Nonbeliever Nation

A Review of David Niose’s Nonbeliever Nation

Regular readers of my blog will know that the interplay between politics and religion is quite important to me.  In fact, I would have to say that roughly 90% of my posts deal with politics and religion.  When I saw that David Niose had written a new book titled “Nonbeliever Nation”, I knew that I had to read it.  Today’s post will be my review of that book.

Review Summary:  Niose does an excellent job describing the rise of both the Religious Right and of Secular Americans.  The former are pulling the strings of power, the latter is growing quickly.  This is a book that all Americans should read—regardless of their religious views.  The religious will learn something about us secular Americans, and we should all learn about the rise of the Religious Right.  I believe, as does Niose, that religion, the “culture wars” that stem from it, and the wave of anti-science/intellectualism will be defining moments of this century.  Niose does an excellent job of chronicling how we got to where are today and why secular Americans will be instrumental in getting to where we need to be tomorrow.

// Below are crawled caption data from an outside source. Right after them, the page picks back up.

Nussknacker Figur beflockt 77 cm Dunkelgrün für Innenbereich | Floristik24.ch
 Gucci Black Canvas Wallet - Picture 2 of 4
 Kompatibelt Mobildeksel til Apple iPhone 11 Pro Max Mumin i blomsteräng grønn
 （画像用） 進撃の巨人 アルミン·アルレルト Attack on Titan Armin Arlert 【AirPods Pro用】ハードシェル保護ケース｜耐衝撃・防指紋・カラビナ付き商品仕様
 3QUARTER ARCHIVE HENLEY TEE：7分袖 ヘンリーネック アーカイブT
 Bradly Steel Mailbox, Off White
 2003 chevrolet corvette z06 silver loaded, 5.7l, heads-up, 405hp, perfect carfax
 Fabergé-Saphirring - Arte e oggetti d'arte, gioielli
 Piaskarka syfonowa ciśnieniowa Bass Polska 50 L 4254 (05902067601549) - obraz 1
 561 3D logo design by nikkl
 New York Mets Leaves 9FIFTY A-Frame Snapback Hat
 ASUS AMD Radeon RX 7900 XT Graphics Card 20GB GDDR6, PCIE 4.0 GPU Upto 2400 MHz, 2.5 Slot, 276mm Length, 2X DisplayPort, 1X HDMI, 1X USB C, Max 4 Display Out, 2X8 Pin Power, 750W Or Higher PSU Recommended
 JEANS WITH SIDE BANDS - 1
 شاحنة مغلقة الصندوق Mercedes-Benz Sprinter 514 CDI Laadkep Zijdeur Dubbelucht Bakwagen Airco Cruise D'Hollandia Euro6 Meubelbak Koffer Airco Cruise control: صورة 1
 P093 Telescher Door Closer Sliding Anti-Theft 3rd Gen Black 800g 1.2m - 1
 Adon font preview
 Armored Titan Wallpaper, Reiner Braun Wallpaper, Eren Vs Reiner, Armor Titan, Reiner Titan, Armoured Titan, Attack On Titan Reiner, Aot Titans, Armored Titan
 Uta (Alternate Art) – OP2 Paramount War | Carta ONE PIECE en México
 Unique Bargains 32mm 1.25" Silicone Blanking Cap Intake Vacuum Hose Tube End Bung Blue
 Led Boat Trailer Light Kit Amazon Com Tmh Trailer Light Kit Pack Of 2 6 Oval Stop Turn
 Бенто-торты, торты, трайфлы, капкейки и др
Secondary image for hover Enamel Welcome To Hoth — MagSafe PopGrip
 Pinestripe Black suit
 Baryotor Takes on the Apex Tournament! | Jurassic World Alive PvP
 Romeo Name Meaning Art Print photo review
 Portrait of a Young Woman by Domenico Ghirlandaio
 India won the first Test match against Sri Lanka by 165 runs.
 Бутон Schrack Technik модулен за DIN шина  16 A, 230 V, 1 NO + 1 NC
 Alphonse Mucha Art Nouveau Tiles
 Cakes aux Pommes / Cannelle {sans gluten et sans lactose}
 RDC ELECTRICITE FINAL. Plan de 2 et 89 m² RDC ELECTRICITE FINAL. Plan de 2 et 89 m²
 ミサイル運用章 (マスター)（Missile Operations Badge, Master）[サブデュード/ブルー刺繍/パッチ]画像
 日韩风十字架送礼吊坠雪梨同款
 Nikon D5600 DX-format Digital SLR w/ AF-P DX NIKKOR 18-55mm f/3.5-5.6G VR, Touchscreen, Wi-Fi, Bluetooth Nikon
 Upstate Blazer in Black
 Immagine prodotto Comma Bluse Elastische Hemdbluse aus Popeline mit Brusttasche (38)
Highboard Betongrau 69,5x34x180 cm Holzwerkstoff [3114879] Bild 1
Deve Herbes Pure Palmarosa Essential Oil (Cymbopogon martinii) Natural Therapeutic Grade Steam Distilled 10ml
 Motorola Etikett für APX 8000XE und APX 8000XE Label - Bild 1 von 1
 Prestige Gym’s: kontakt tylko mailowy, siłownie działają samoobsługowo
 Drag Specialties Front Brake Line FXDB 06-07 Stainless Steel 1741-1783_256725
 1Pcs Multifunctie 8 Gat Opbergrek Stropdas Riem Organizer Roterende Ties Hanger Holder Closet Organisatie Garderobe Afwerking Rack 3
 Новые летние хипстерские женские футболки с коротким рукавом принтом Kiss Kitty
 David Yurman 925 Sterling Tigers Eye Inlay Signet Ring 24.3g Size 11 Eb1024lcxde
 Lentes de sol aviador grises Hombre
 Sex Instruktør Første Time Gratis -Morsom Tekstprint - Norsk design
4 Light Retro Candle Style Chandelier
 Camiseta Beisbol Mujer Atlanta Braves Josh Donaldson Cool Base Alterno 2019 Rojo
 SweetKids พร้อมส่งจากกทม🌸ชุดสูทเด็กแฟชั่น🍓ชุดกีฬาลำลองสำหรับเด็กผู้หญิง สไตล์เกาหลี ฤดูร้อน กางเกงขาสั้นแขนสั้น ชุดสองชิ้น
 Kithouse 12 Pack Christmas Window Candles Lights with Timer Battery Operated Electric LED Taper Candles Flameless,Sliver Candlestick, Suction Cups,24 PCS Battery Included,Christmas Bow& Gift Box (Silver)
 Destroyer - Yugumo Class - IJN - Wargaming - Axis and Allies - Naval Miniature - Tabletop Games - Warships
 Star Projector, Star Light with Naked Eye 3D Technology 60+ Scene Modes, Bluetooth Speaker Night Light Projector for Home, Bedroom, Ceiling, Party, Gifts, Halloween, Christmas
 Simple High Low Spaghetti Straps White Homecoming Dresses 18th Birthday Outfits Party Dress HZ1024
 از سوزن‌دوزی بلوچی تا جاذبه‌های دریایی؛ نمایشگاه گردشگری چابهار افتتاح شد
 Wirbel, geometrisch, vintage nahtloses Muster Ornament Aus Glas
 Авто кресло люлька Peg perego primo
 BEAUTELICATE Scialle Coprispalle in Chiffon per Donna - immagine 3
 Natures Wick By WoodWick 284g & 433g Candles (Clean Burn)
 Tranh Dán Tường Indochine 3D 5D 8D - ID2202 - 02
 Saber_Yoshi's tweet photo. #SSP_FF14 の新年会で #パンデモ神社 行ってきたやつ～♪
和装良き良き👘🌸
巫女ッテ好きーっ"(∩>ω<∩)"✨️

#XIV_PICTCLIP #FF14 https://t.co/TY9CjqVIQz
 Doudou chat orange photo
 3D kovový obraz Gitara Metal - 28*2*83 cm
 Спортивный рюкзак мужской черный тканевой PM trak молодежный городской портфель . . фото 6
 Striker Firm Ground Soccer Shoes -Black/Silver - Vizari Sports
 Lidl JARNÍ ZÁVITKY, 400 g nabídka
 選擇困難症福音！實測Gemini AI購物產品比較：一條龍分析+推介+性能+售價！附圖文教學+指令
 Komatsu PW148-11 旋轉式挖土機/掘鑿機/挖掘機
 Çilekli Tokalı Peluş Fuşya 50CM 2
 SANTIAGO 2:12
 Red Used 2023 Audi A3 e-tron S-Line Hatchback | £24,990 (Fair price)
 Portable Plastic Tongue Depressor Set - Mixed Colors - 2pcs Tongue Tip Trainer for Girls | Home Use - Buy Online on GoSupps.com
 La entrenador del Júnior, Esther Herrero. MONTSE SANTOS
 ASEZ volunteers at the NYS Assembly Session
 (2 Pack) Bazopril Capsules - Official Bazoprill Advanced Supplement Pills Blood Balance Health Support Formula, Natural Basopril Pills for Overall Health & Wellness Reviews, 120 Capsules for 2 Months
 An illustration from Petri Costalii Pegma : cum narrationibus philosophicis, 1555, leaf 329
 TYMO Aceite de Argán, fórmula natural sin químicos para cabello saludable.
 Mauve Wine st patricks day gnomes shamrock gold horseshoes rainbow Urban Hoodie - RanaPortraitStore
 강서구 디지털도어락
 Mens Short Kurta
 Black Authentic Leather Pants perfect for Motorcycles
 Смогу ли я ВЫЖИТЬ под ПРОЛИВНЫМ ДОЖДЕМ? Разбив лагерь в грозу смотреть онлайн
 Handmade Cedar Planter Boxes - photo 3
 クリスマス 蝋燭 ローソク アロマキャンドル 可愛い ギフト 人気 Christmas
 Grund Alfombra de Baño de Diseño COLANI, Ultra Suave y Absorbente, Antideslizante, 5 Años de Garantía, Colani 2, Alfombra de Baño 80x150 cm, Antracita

Niose begins the book by pointing out that the number of Americans identifying has secular has doubled since 1990.  In fact, he shows that somewhere between 12-18% of Americans identify as secular today—choosing “none”, when it comes to religion.  That is a large number of people.  To put it in perspective, only 25.1% of Americans are Catholic.  Niose seeks to explore why the number of secular Americans has grown, while at the same time, he explains the rise of the Religious Right in both terms of numbers and power.   He succeeds on both counts and readers unfamiliar with these topics will find the book quite informative and fair.  Niose writes in a professional and well calculated tone, but does not shy from criticizing when called for.

One of the most important chapters of the book (at least in my opinion) deals with our religious heritage and the idea that we are in fact most certainly not a Christian nation.  As many of you know, the belief that the Founders intended that we become a nation founded on the principles of Christianity is a common statement from the Religious Right.  Niose does an excellent job of eviscerating that belief, pseudo-historian David Barton, and numerous other fallacies regarding atheists and religious periods in our history as well.  In fact, he points out (in detail) that at no time in our history has religion played as large a role in politics as it does today.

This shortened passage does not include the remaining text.